This ADR outlines the plan for an initial state sync prototype, and is subject to change as we gain feedback and experience. It builds on discussions and findings in ADR-042, see that for background information.
2020-01-28: Initial draft (Erik Grinaker)
2020-02-18: Updates after initial prototype (Erik Grinaker)
reason
fields.RequestApplySnapshotChunk.chain_hash
to RequestOfferSnapshot.app_hash
.State sync will allow a new node to receive a snapshot of the application state without downloading blocks or going through consensus. This bootstraps the node significantly faster than the current fast sync system, which replays all historical blocks.
Background discussions and justifications are detailed in ADR-042. Its recommendations can be summarized as:
The application periodically takes full state snapshots (i.e. eager snapshots).
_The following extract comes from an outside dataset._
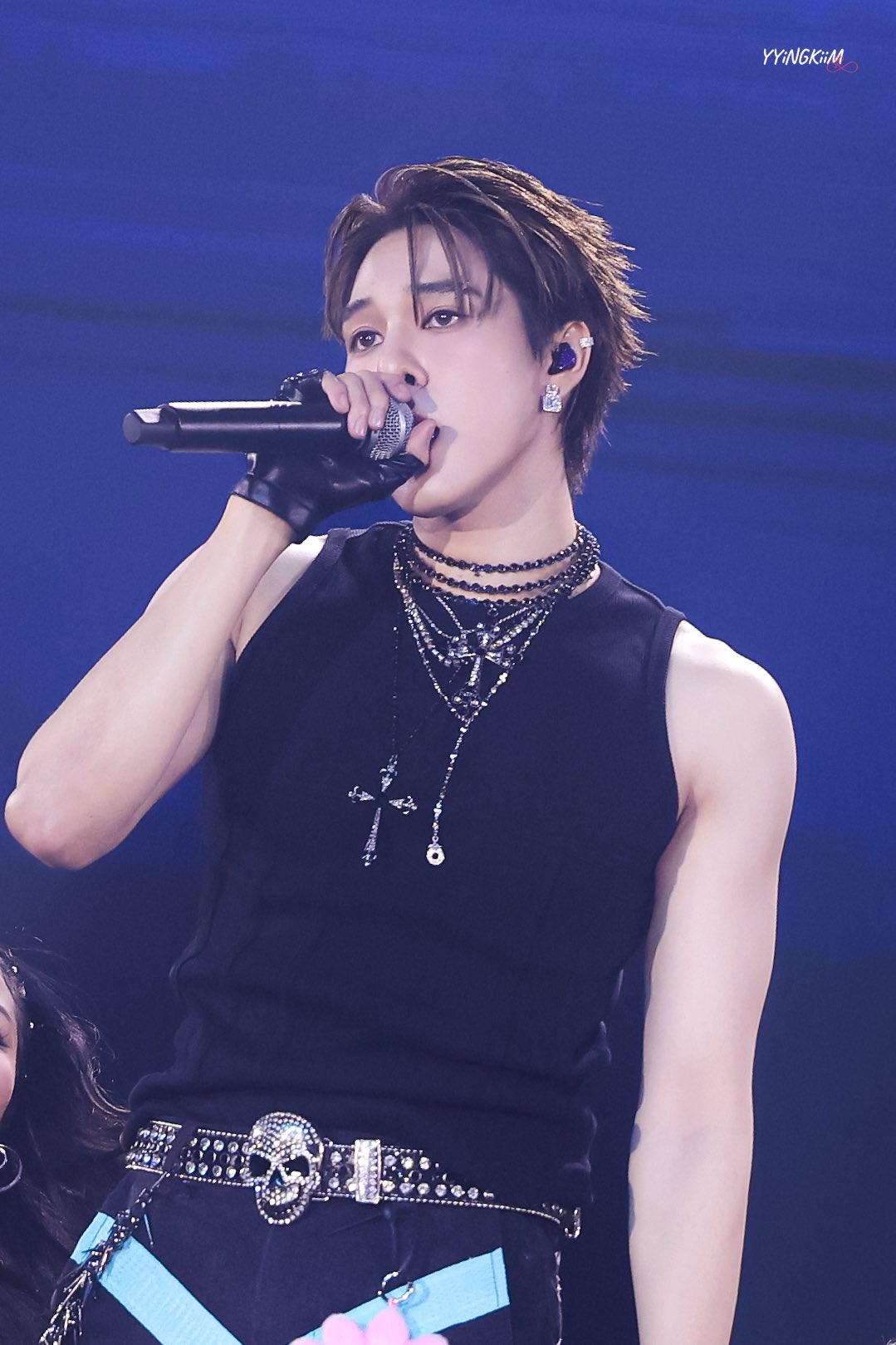 bMaUHW
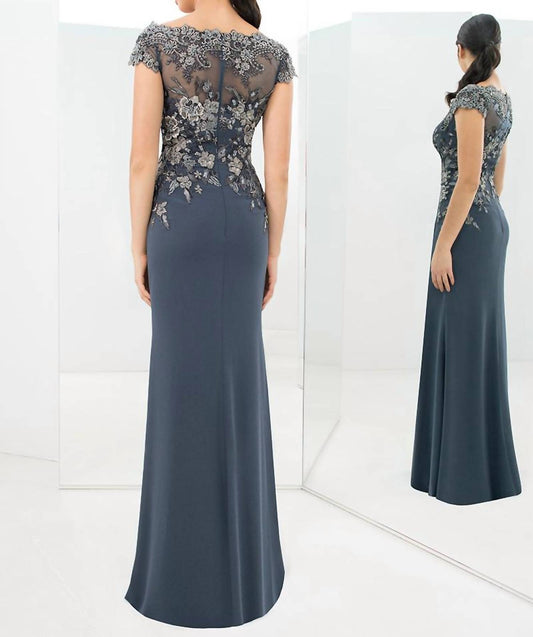 Daymor - Wide V Neck Floral Gown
The application splits snapshots into smaller chunks that can be individually verified against a chain app hash.
Tendermint uses the light client to obtain a trusted chain app hash for verification.
Tendermint discovers and downloads snapshot chunks in parallel from multiple peers, and passes them to the application via ABCI to be applied and verified against the chain app hash.
Historical blocks are not backfilled, so state synced nodes will have a truncated block history.
This describes the snapshot/restore process seen from Tendermint. The interface is kept as small and general as possible to give applications maximum flexibility.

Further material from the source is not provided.